Project 1 - PCML 2015 Course page

Summary and Goals

This project is about regression and classification. For a unique experience, every group gets a different dataset. In this project, you will learn to:

perform explarotary data analysis,
do feature engineering and processing,
implement regression and classification methods,
analyze and predict data using these methods,
report your findings.

Total marks are 100 and constitute 10% of the overall grade. Out of this, you will get 80 marks for your analysis, predictions, and test error estimates. You will get 10 Marks for your code and 10 marks for your report content.

STEP 1: Form a group

How to form a group?

You have to form a group of at most 2 people. Please choose your group members carefully, since you cannot change your group for Project 2. To find partners, match your ML profile with others. Also, talk to them about their ML goals and what they want to learn. Post in the Moodle forum if you cannot find anybody to partner with.

It is recommended that you make a group of 2 people. The work might be too much for one person alone.

Ok, so you have a group now! The next step is all the group members to join a particular group. We have created several empty groups in Moodle that you can join. We have chosen group names as a few beautiful cities according to Lonely Planet (don't be sad if your city is not in there :) ).

See 'Join a group for projects' in the main page in Moodle. Once you get a group name, you can download the data corresponding for that group (it will be made available on Oct 9th evening).

STEP 2: Download your group's unique data

Every group gets a different dataset. Depending on the group name that you have chosen, we will give you a link where you can download the data. You can download the dataset from the following links (replace GROUPNAME by the name of your group-the first letter should be capitalized, spaces are removed):
http://icapeople.epfl.ch/mekhan/pcml15/project-1/data/regression/GROUPNAME_regression.mat
http://icapeople.epfl.ch/mekhan/pcml15/project-1/data/classification/GROUPNAME_classification.mat

For e.g. if your group name is 'Kuala Lumpur', you will use the following two links:
http://icapeople.epfl.ch/mekhan/pcml15/project-1/data/regression/KualaLumpur_regression.mat
http://icapeople.epfl.ch/mekhan/pcml15/project-1/data/classification/KualaLumpur_classification.mat

Each group gets two datasets. One for regression and the other for classification. Both datasets contain a training set and a test set. For the training set, you get (y_train, X_train) pairs. For the test set you only observe X_test.

Note that every group gets a different dataset, so do not try to cheat using others results.

STEP 3: Implement ML methods

It is mandatory for you to implement the following five methods in Matlab. In the exercise sessions, we have given you some guidelines to help you implement these methods.
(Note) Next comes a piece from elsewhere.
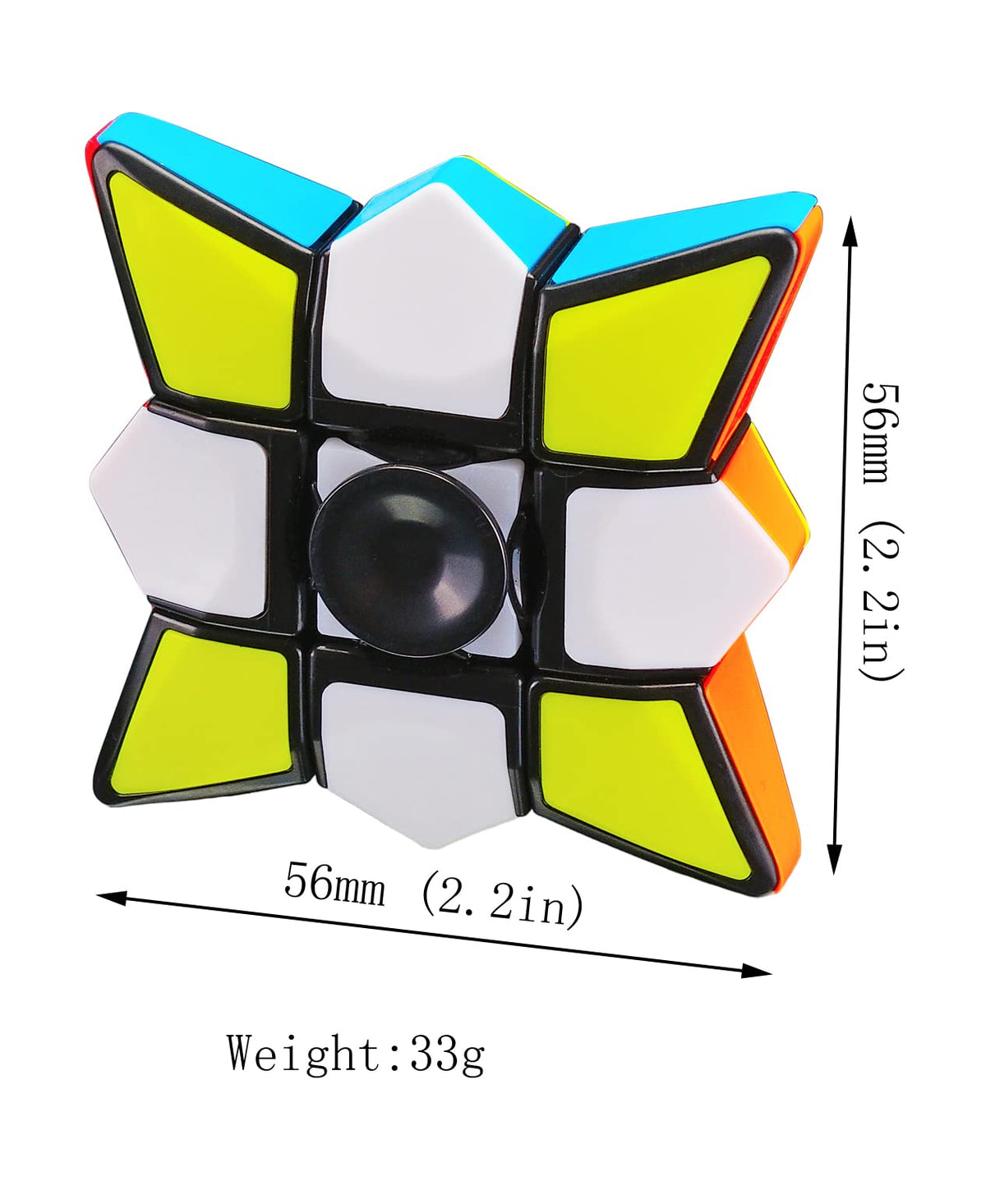 TANCH Magic Spinner Cube 2-in-1 Stickerless Brain Teaser | Fidget & Speed Cube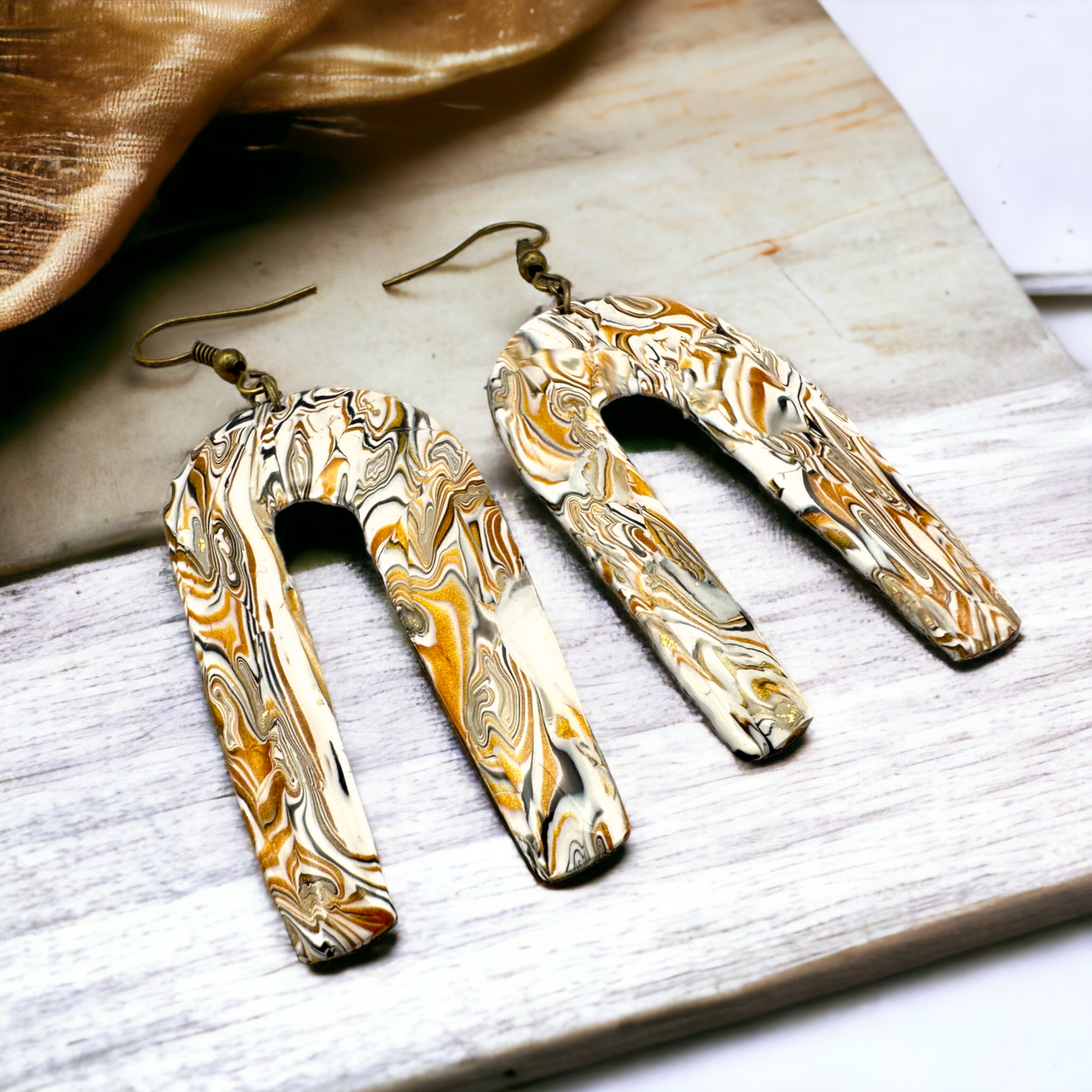 These Pretty Things Azura Collection Long Arch Hook Earrings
You will submit these files along with your report and predictions.

Function name	Details	Remarks
beta = leastSquaresGD(y,tX,alpha)	Linear regression using gradient descent	alpha is the step-size
beta = leastSquares(y,tX)	Least squares using normal equations.
beta = ridgeRegression(y,tX, lambda)	Ridge regression using normal equations.	lambda is the regularization coefficient.
beta = logisticRegression(y,tX,alpha)	Logistic regression using gradient descent or Newton's method.	alpha is the step size, in case of gradient descent.
beta = penLogisticRegression(y,tX,alpha,lambda)	Penalized logistic regression using gradient descent or Newton's method.	alpha is the step size for gradient descent, lambda is the regularization parameter

Note:

You will submit all your code in a zip file through Moodle. Your code should not be more than 10MB.
Do not copy other's code. Plagiarism is a serious offence! You might suffer serious consequences.
Each code should be commented. Do not put too much or too little comment. See this sample code for an example of good commenting.
Each code must run correctly. Use this test file to check for correctness of your code. We will use a similar test file to check your files.
1. Make sure your gradient descent code runs enough number of iterations and reaches a reasonable accuracy before exiting.
2. Make sure that your gradient descent code exits and doesn't just keep running forever.
3. Note that our test file will use different inputs than yours to make sure that you have actually written the code, not just faked it to pass the test.

STEP 4: Do fun ML stuff

Now that you have implemented few basic methods, you should apply them to the data. Here are a few things that you might want to try (in this order):

Exploratory data analysis: to learn about the characteristics of the data. See exercise 1.
Feature processing: cleaning your input and ouput variables, i.e. rescaling, transformation, removing outliers etc.
Applying methods and visualizing.
Determining whether a method overfits or underfits.
Cross-validation to estimate test errors.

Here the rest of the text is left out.